By traditional measures of entertainment, it was nothing too special. It was not a play that made the highlights, presumably because it was all pretty ugly.
"Not to me!" said Collins. "I thought it was beautiful. Evan Turner is a big-time competitor. Big time. He is at his best in these kind of games. He really is. He played great in Chicago. They booed him on every possession and he played great there."
Coach Collins likes it ugly, and on Friday night Turner made the ugly play of the year, and now the Sixers, an 8-seed, are up 2-1 on the team that finished the regular season with the best record in the NBA.
In March, everybody in Philadelphia knew Turner and Collins were not getting along. Perhaps the league's most overbearing coach was locking horns with a young player determined to create with the ball. As portrayed in the media, it was ugly -- and not the kind of ugly Coach Collins likes.
Spike Eskin captured the mood when he wrote on CBS Philly that "the Sixers will have to make a choice between Turner and Collins."

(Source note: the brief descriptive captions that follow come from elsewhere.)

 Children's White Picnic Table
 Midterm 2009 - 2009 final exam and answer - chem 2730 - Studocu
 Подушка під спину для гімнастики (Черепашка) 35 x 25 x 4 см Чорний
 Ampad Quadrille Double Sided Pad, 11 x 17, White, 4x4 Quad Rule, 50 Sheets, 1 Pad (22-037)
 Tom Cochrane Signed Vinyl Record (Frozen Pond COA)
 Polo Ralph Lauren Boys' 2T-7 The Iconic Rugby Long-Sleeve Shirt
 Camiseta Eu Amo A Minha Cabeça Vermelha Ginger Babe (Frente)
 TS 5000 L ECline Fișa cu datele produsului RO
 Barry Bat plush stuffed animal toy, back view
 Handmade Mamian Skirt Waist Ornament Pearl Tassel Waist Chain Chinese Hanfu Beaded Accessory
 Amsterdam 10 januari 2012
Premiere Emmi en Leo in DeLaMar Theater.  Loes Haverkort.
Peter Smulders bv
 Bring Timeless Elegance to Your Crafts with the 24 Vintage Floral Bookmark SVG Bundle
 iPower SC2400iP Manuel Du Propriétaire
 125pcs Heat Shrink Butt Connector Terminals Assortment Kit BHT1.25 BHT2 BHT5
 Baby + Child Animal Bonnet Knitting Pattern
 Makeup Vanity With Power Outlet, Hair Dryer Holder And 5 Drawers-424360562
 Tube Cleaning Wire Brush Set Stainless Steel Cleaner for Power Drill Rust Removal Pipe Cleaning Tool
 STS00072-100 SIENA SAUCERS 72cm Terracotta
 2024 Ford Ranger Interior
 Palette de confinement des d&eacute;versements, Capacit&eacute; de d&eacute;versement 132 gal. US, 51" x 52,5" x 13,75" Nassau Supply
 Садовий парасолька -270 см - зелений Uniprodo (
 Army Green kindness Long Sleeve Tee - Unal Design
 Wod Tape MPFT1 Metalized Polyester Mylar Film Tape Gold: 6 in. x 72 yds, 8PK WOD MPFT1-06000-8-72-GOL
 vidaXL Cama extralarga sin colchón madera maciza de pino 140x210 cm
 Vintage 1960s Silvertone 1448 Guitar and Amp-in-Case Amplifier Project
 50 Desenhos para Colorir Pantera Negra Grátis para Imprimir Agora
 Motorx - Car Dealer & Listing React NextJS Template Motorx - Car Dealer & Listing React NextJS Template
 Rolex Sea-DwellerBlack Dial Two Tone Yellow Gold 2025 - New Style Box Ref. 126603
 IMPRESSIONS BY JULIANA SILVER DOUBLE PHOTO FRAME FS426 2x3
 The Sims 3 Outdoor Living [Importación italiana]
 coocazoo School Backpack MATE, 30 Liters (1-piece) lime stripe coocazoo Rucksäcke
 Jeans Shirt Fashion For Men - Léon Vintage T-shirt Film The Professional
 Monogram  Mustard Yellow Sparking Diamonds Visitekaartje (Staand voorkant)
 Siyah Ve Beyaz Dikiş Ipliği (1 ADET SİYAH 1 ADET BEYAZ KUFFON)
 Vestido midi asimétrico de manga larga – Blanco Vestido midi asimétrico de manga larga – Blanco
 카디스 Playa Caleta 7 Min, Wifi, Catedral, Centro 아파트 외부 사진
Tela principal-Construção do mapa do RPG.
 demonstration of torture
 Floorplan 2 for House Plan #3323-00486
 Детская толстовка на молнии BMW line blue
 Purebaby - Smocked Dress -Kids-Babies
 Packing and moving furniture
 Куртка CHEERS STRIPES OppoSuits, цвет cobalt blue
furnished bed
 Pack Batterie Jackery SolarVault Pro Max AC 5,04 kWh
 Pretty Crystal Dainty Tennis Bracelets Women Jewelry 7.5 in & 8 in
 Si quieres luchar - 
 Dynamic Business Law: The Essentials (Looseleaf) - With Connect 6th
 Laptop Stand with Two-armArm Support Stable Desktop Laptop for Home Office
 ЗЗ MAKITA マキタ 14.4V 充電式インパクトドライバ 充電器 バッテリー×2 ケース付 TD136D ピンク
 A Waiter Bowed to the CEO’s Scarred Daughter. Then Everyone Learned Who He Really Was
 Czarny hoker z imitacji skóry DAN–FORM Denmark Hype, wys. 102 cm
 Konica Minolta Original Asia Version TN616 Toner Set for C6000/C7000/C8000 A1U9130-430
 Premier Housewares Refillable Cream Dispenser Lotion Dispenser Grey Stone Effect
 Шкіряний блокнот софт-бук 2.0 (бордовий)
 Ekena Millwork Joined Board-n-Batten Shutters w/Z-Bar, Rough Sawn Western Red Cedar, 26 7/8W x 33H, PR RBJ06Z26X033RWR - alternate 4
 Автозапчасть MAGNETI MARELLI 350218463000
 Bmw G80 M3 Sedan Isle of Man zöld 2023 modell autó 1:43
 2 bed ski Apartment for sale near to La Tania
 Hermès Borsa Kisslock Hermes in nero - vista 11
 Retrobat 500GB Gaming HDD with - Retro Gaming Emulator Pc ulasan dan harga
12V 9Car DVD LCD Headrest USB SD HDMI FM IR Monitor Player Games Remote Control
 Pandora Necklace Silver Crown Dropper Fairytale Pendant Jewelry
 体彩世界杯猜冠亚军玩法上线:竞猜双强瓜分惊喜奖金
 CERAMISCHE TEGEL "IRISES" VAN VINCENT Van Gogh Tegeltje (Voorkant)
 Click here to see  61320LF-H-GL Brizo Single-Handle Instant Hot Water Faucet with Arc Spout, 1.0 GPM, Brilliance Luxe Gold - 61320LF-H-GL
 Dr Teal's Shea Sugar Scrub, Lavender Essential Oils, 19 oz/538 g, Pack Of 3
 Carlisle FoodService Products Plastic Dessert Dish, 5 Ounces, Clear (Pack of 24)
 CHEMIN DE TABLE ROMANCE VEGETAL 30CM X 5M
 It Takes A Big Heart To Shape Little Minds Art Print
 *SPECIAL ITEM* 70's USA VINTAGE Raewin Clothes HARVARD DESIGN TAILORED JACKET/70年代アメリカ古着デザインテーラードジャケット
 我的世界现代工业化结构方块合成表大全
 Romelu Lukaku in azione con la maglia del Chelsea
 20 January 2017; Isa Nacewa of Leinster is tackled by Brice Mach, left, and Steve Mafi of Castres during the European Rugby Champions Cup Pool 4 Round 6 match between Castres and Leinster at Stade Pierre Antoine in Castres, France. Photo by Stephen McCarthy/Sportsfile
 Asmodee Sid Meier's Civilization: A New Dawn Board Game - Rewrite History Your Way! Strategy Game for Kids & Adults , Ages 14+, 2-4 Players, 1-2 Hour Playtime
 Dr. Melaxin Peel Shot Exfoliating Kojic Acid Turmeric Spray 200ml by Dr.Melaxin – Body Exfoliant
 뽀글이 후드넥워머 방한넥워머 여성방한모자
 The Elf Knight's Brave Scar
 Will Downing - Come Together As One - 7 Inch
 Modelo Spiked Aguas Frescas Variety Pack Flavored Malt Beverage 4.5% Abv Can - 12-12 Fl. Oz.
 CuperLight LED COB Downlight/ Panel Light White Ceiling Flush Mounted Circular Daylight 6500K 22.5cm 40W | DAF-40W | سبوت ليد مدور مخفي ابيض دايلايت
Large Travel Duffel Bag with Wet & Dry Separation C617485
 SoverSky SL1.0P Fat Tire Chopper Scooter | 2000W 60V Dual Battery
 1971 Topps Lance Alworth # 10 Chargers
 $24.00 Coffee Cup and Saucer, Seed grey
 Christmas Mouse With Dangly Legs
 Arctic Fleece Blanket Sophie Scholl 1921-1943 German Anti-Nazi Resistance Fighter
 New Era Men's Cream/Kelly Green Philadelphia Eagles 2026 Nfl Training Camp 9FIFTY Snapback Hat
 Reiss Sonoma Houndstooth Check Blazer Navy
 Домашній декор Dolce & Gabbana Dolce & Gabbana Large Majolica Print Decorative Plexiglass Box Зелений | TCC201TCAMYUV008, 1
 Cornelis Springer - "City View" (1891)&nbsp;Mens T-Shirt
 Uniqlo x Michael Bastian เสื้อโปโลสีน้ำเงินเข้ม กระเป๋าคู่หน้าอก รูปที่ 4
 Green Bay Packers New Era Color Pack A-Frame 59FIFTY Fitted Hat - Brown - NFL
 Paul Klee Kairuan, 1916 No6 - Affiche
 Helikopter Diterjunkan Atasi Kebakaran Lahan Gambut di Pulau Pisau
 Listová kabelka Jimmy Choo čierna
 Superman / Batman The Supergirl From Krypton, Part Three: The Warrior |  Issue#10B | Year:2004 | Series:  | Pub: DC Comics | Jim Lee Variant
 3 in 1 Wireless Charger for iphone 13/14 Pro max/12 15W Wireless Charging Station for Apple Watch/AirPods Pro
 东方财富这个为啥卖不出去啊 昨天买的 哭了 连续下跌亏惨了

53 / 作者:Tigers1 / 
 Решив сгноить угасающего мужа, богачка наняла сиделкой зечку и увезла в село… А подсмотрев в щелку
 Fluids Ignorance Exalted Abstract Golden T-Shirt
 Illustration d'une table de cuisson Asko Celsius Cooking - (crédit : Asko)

On her blog, former Sixers beat writer Kate Fagan wrote in early April: "We all knew at the beginning of last year, when Collins took over this young team, that he had a history of turning around young squads. And we also knew that he had (sometimes as early as the second season) a history of over-coaching, at which point his players tend to become frustrated and tune him out. The Sixers have been struggling with this for at least a month, if not longer. This has led to heated interactions, sometimes even in the middle of games. On more than one occasion, players have let Collins know -- during a game -- that they’re sick of the relentless nitpicking."
Turner wouldn't deny there were rocky times, but he says some perspective is called for. "I don't think it was as bad as people thought," he said late Friday, after securing the win. "It's not like we were beating each other up or not talking to each other."
The Sixers missed layups -- in some instances, several on the same possession. They took 14 3-pointers and made one. Starting forwards Andre Iguodala and Elton Brand, the team's two highest-paid players, combined to score a mighty five points. The team made just more than a third of their shots, all told. And they were outrebounded.
And that was the team with the happiest story. For the Bulls, the night was a tale of a broken offense (15 turnovers, 61 percent free throw shooting, several crucial late-game plays that ended with no shot at all, or a prayer) and yet another injured starter -- Joakim Noah -- who left the arena on crutches.
Add in security intervening in a late-game fracas in Section 124, empty seats scattered around the arena and lusty cheering for Noah's gruesome injury and it was about as brutal as NBA games get.
But Collins, a coach for whom "competitive drive" is the ultimate ideal, sees things differently. Dripping with sweat and smiles after the win, he talked of "tremendous performances," "how proud I am" and how "I sure like coaching this team."
By Turner's admission, Friday marks a new high point in his relationship with his coach.
"I think it is a high point," said Turner, who said that before he told the press, Collins told the team Turner's scrappy moment was the team's play of the year. Turner, however, was more delighted with something else Collins did: called his number. "The last two plays, he ran the play for me," said Turner. "As a player, that's the big thing, that you can show me you have confidence in me. Thankfully he did that. ... It was pretty cool. He had confidence in me to give me the ball in crucial parts of the game."
Is it a permanent change? Who knows. "Doug definitely rolls with the hot hand," said Turner. "Some nights I might not get the opportunity. But right now, you just enjoy it."